---------- Collected material ----------

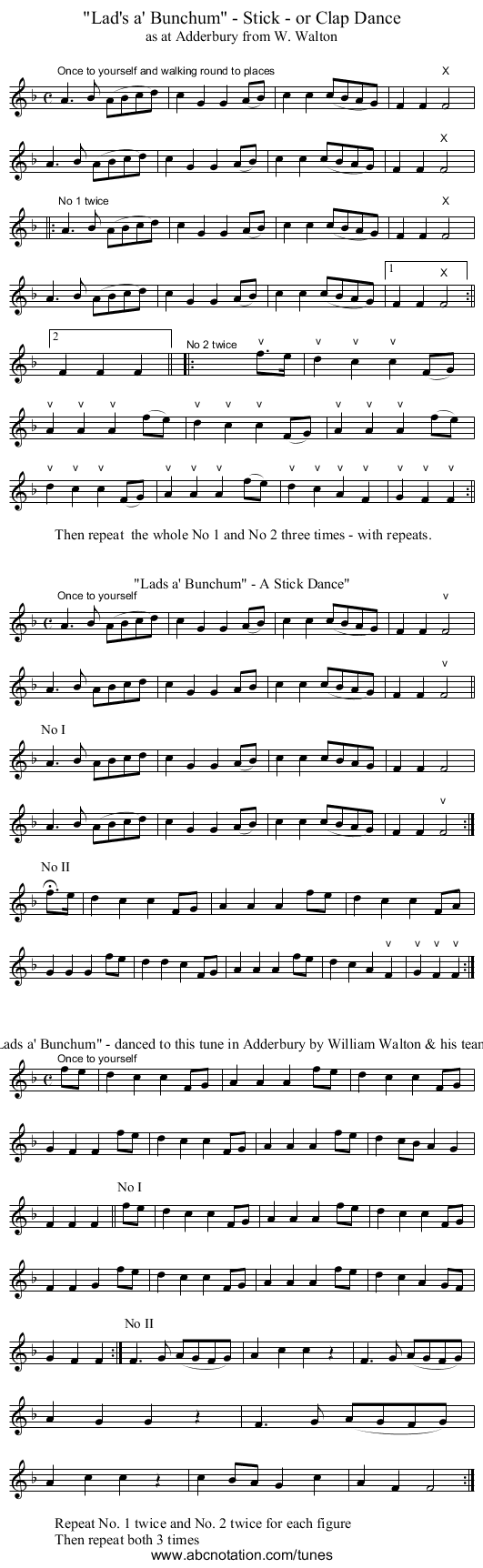Lad's a' Bunchum - Stick - or Clap Dance - staff notation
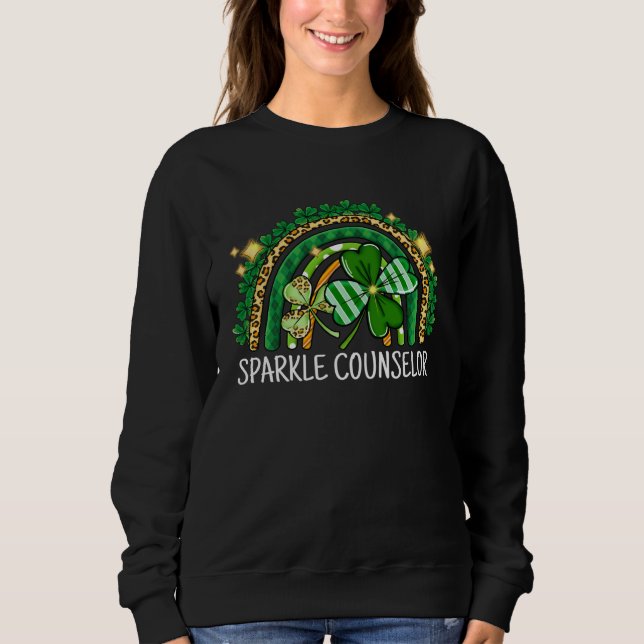 Sudadera Sparkle Counselor Rainbow Lucky St Patrick's Day S (Anverso)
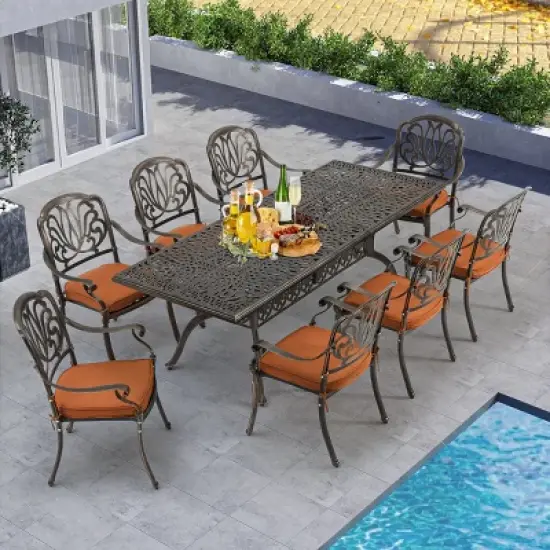EROMMY 8 - Person Rectangular Outdoor Dining Set with Cushions image {8}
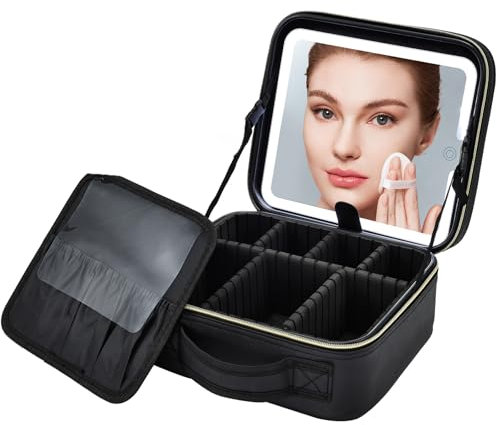 KzRUeb Kosmetikkoffer mit Beleuchtetem Spiegel Schminktasche Reise Make up Tasche Make up Koffer Kosmetiktasche Damen Schminkkoffer Make up Organizer Make up Bag,Schwarz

----------

Work instructions >> Using the listing above, reproduce word for word every line from the one containing "Sudadera Sparkle Counselor" through the one containing "EROMMY 8 - Person". Pictures must be left out.

Exercise result >>
 Sudadera Sparkle Counselor Rainbow Lucky St Patrick's Day S (Anverso)
EROMMY 8 - Person Rectangular Outdoor Dining Set with Cushions image {8}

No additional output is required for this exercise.